Reviewed-by: Tomas Elf <tomas.elf@intel.com>

Thanks,
Tomas
Daniel Vetter June 17, 2015, 3:01 p.m. UTC | #3
On Tue, Jun 09, 2015 at 04:56:01PM +0100, Tomas Elf wrote:
> On 04/06/2015 19:23, John.C.Harrison@Intel.com wrote:
> >From: John Harrison <John.C.Harrison@Intel.com>
> >
> >A previous patch (read-read optimisation) changed the early exit
> >condition in i915_gem_retire_requests_ring() from checking the request
> >list to checking the active list. This assumes that all requests have
> >objects associated with them which are placed on the active list. The
> >removal of the OLR means that non-batch buffer work is no longer
> >tagged onto the nearest batch buffer submission and thus there are
> >requests going through the system which do not have objects associated
> >with them. This can therefore lead to the situation where an
> >outstanding request never gets retired.
> >
> >This change reverts the early exit condition to check for requests.
> >Given that the purpose of the function is to retire requests, this
> >does seem to make much more sense.
> >
> >For: VIZ-5190
> >Signed-off-by: John Harrison <John.C.Harrison@Intel.com>
> >---
> >  drivers/gpu/drm/i915/i915_gem.c |    2 +-
> >  1 file changed, 1 insertion(+), 1 deletion(-)
> >
> >diff --git a/drivers/gpu/drm/i915/i915_gem.c b/drivers/gpu/drm/i915/i915_gem.c
> >index 7117659..4c5a6cd 100644
> >--- a/drivers/gpu/drm/i915/i915_gem.c
> >+++ b/drivers/gpu/drm/i915/i915_gem.c
> >@@ -2859,7 +2859,7 @@ i915_gem_retire_requests_ring(struct intel_engine_cs *ring)
> >  {
> >  	WARN_ON(i915_verify_lists(ring->dev));
> >
> >-	if (list_empty(&ring->active_list))
> >+	if (list_empty(&ring->request_list))
> >  		return;
> >
> >  	/* Retire requests first as we use it above for the early return.
> >
> 
> Note to whoever is integrating this patch: This patch can either be applied
> or we could drop the request_list check entirely.
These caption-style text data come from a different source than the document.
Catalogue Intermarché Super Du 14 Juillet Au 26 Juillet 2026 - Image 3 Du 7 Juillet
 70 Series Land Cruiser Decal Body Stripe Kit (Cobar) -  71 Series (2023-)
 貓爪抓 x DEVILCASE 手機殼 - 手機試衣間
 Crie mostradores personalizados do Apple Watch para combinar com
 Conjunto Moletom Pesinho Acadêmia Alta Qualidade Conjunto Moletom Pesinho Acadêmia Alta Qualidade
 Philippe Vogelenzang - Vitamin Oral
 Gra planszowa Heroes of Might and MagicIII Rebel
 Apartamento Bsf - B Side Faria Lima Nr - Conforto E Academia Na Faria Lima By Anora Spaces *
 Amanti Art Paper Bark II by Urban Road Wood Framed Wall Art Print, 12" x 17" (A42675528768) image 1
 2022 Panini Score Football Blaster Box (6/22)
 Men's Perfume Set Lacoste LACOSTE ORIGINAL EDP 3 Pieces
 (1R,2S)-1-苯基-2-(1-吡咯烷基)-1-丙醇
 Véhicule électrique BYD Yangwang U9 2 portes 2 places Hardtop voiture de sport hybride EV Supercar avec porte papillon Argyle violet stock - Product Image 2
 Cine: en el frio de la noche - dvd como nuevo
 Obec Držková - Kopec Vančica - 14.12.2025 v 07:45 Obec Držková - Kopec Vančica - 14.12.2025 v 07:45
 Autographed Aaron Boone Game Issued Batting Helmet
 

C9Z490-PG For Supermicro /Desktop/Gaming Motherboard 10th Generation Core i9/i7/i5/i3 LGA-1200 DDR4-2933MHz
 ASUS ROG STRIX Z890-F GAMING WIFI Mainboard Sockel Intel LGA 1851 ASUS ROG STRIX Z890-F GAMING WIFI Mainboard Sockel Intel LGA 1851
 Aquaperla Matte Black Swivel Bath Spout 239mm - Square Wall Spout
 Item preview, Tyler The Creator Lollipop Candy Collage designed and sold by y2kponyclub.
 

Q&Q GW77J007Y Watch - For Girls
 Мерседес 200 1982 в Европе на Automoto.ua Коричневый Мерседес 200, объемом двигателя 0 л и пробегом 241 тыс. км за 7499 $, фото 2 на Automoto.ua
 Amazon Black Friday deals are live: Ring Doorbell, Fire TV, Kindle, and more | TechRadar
This according to Chris
> Wilson in the following conversation:
> 
> 3:26:09 PM - ickle: we just kill the check
> 3:26:25 PM - ickle: the final function is just request_list + trace_request
> 3:26:37 PM - ickle: adding a test to save one isn't a great tradeoff
> 3:26:58 PM - siglesias has left the room (Quit: Ping timeout: 256 seconds).
> 3:27:28 PM - twnqx has left the room (Quit: Ping timeout: 272 seconds).
> 3:28:04 PM - tomas_elf: fine
> 3:28:20 PM - tomas_elf: anyway, good to know
> 3:29:32 PM - ickle: there's actually one more, it's also where the
> execlists_retire should be
> 3:30:48 PM - tomas_elf: maybe you can just submit a patch (unless you've
> already done so) that removes all of the references
> 3:31:09 PM - JohnHarrison Joryn
> 3:31:23 PM - ickle: there's like a backlog of 50 patches before we even get
> to that point
> 3:31:29 PM - tomas_elf: ok, cool
> 3:31:51 PM - tomas_elf: at any rate, JohnHarrison's patch can be accepted
> either with the request_list check or no check at all
> 3:33:14 PM - ickle: I thought vsyrjala sent the patch to completely kill it
> along with a bug citation
> 3:34:50 PM - doome_ [~doome@82.150.48.146] entered the room.
> 3:35:25 PM - ickle: 0aedb1626566efd72b369c01992ee7413c82a0c5
> 3:35:39 PM - darkbasic_ [~quassel@niko.linuxsystems.it] entered the room.
> 3:36:13 PM - darkbasic has left the room (Quit: Read error: Connection reset
> by peer).
> 3:39:05 PM - tomas_elf: has it been merged?
> 3:39:43 PM - ickle: it is in drm-intel-fixes
> 3:40:02 PM - tomas_elf: ah, ok
> 
> As long as the active_list check is removed since it breaks things.
> 
> Reviewed-by: Tomas Elf <tomas.elf@intel.com>

Jani already picked up Ville's version of this for dinf:

commit 11ee9615f9bbc9c0c2dbd9f5eb275459b76f032a
Author: Ville Syrjälä <ville.syrjala@linux.intel.com>
Date:   Thu May 28 18:32:36 2015 +0300

    drm/i915: Don't skip request retirement if the active list is empty

We should be covered here I think.
-Daniel
diff mbox

Patch

diff --git a/drivers/gpu/drm/i915/i915_gem.c b/drivers/gpu/drm/i915/i915_gem.c
index 7117659..4c5a6cd 100644
--- a/drivers/gpu/drm/i915/i915_gem.c
+++ b/drivers/gpu/drm/i915/i915_gem.c
@@ -2859,7 +2859,7 @@  i915_gem_retire_requests_ring(struct intel_engine_cs *ring)
 {
 	WARN_ON(i915_verify_lists(ring->dev));
 
-	if (list_empty(&ring->active_list))
+	if (list_empty(&ring->request_list))
 		return;
 
 	/* Retire requests first as we use it above for the early return.